● Goal of the exercise:
From the first line to the last, transcribe the data exactly and skip the pictures.

● Information shown:
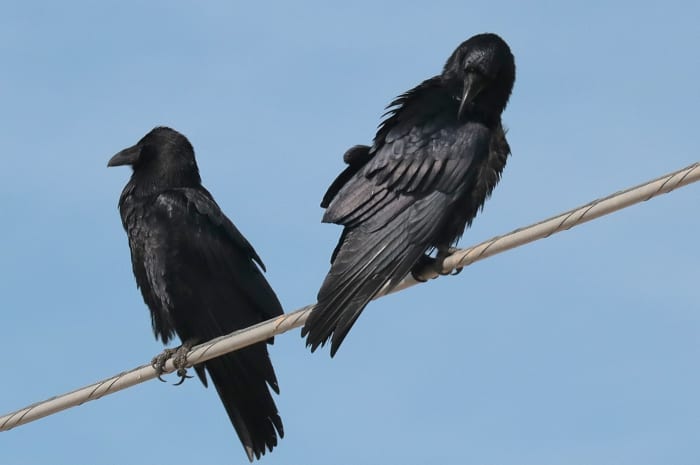 Common Ravens, they take the place of crows here. These were local in Ridgecrest, Ca.
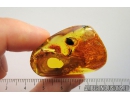 Nice Bud. Fossil inclusion in Baltic amber #8300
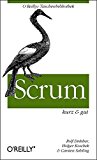 Rubin, Kenneth S. - Essential Scrum - Umfassendes Scrum-Wissen aus der Praxis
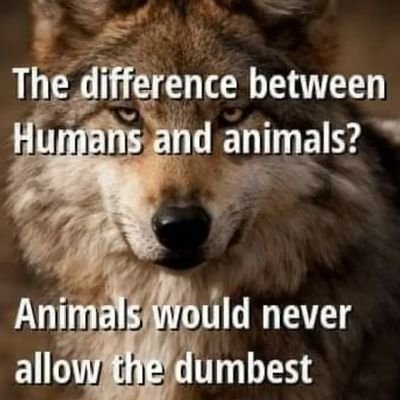 wyha713's profile picture. Just here for the show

● Written reply:
 Common Ravens, they take the place of crows here. These were local in Ridgecrest, Ca.
 Nice Bud. Fossil inclusion in Baltic amber #8300
 Rubin, Kenneth S. - Essential Scrum - Umfassendes Scrum-Wissen aus der Praxis
 wyha713's profile picture. Just here for the show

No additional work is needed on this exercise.